### [ABOUT THIS EXERCISE]
The lines below from the one with "Dragon meyve suyu smoothies" up to and including the one with "Vestido Midi Suelto Escote en V Con Tirantes" are what you should set down, exactly and without pictures.

### [AVAILABLE DATA]
# # #
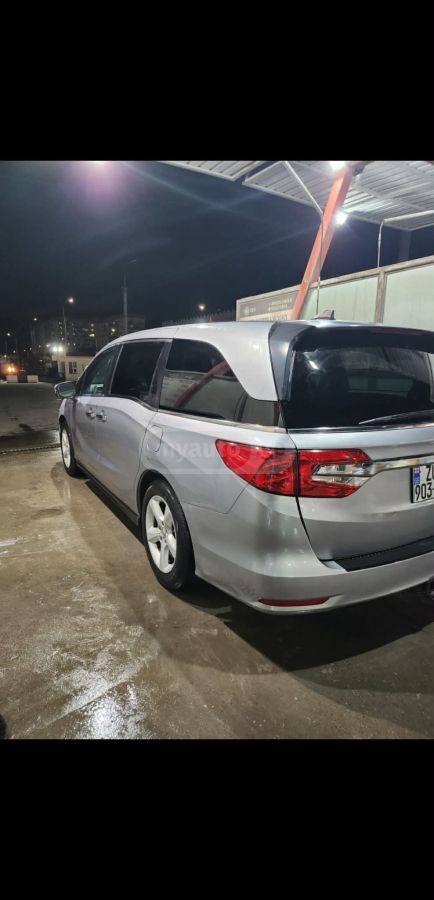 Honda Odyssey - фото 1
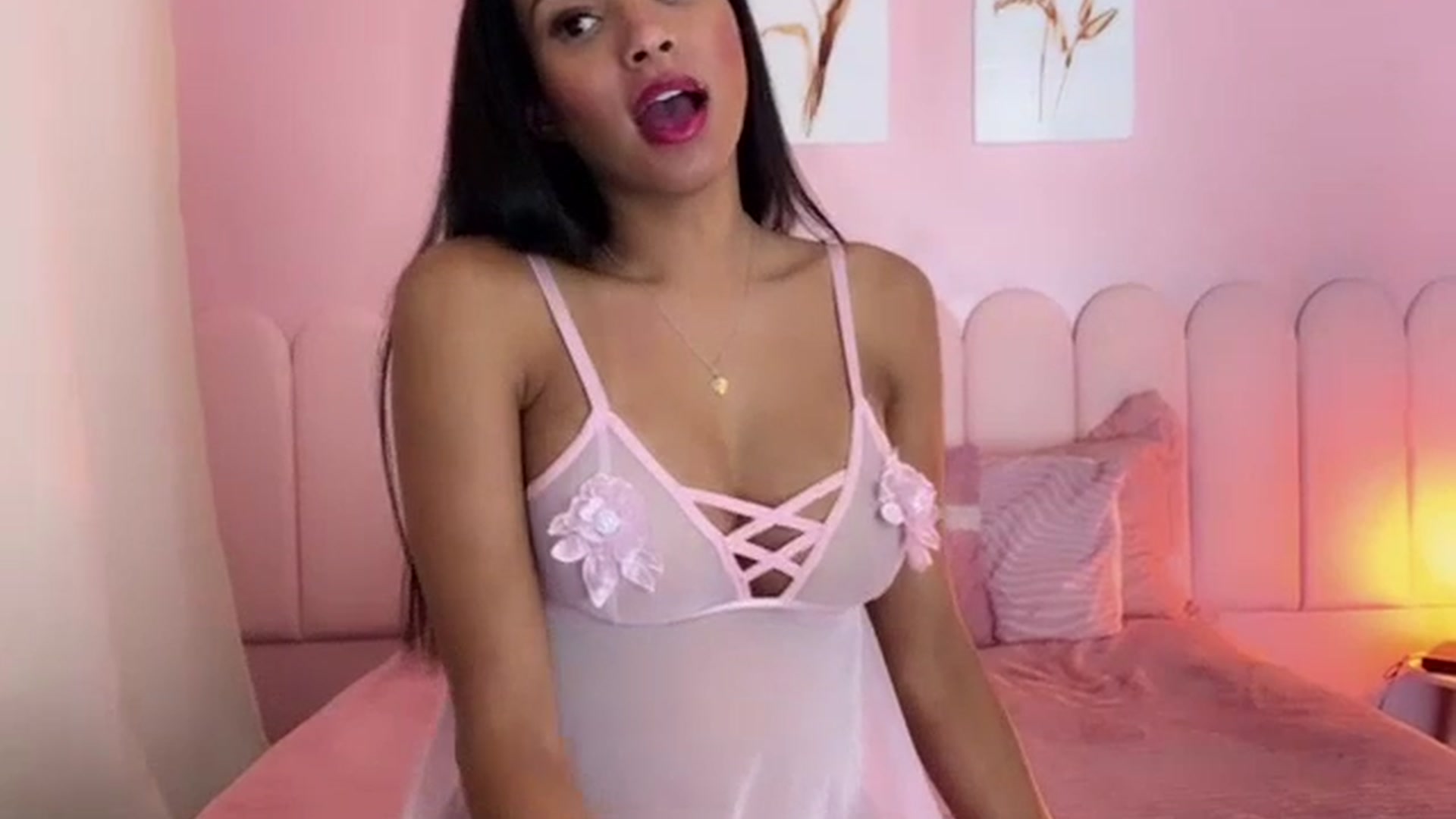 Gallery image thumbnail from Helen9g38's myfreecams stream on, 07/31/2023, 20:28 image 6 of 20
# # #
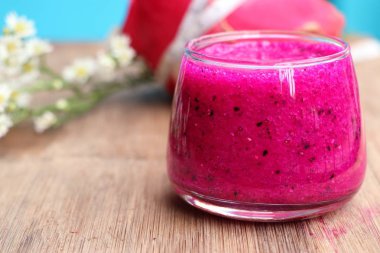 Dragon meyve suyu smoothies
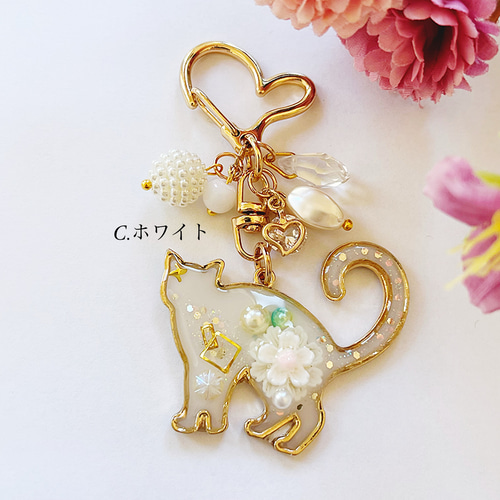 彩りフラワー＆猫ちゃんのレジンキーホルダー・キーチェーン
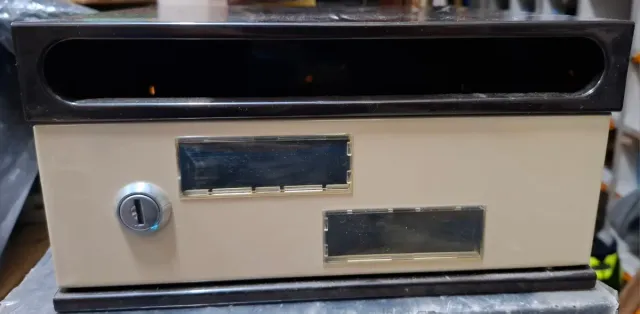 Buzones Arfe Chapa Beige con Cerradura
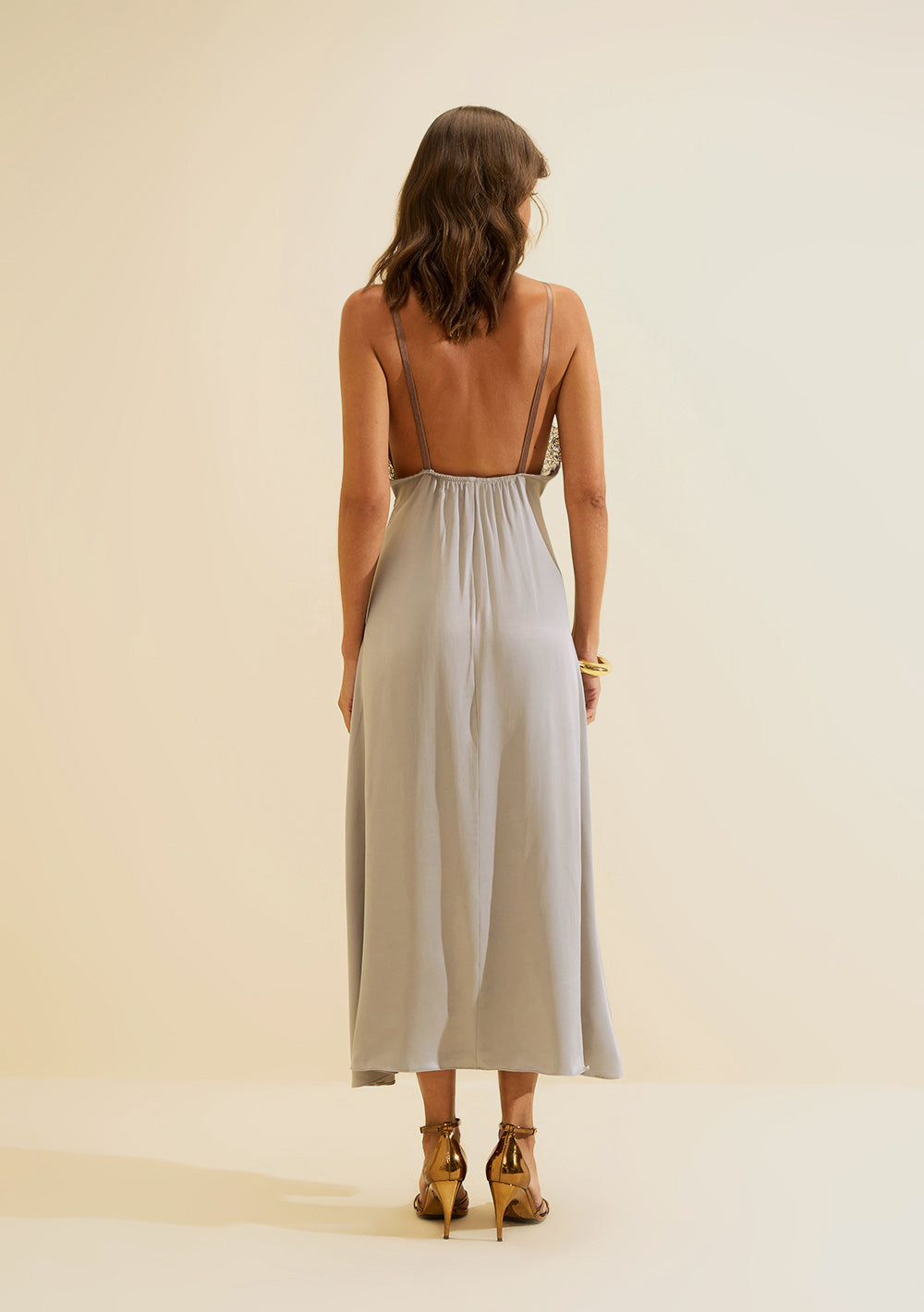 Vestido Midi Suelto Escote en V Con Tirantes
# # #
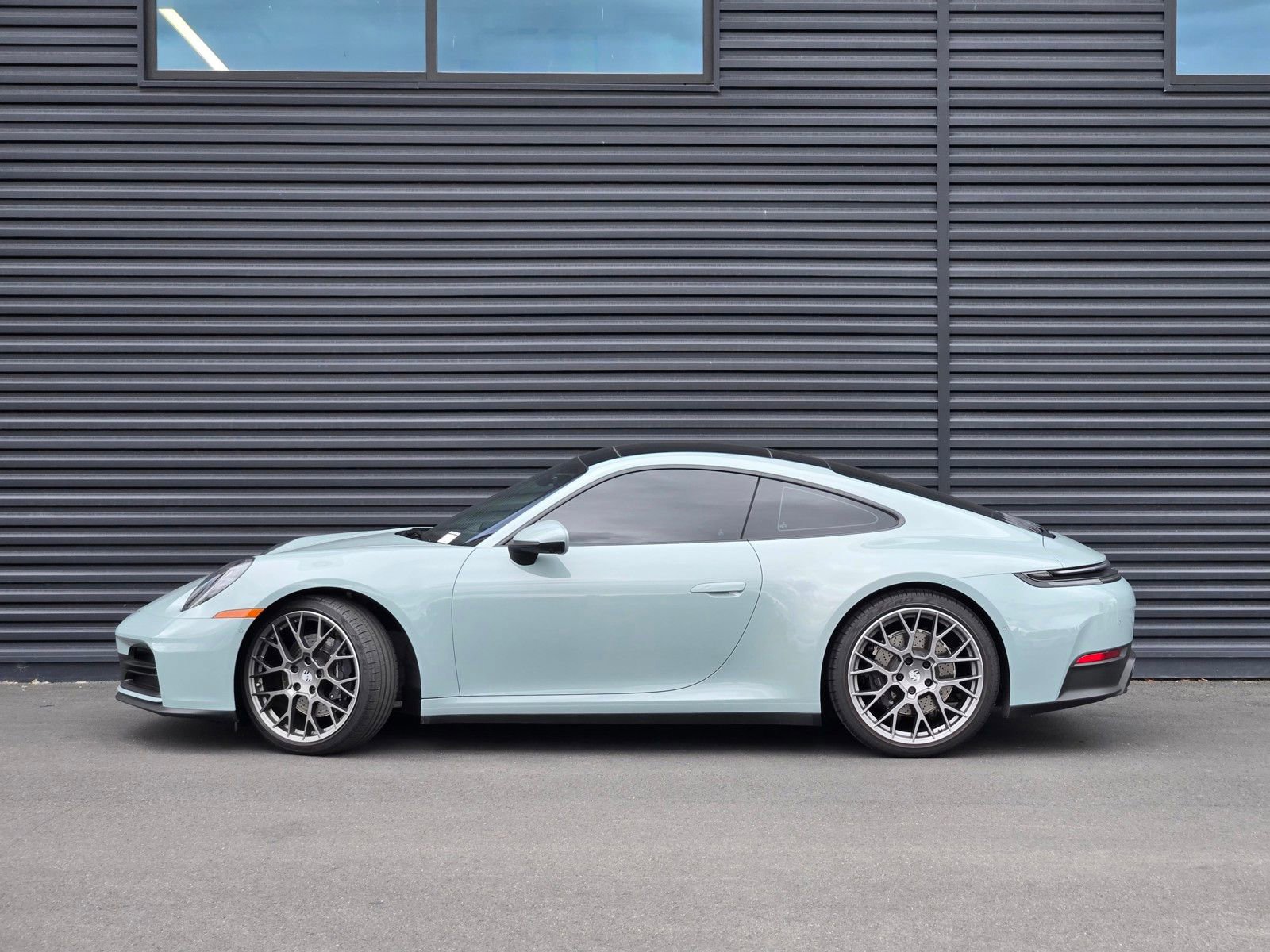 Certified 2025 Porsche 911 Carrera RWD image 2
# # #
### [WORKED SOLUTION]
 Dragon meyve suyu smoothies
 彩りフラワー＆猫ちゃんのレジンキーホルダー・キーチェーン
 Buzones Arfe Chapa Beige con Cerradura
 Vestido Midi Suelto Escote en V Con Tirantes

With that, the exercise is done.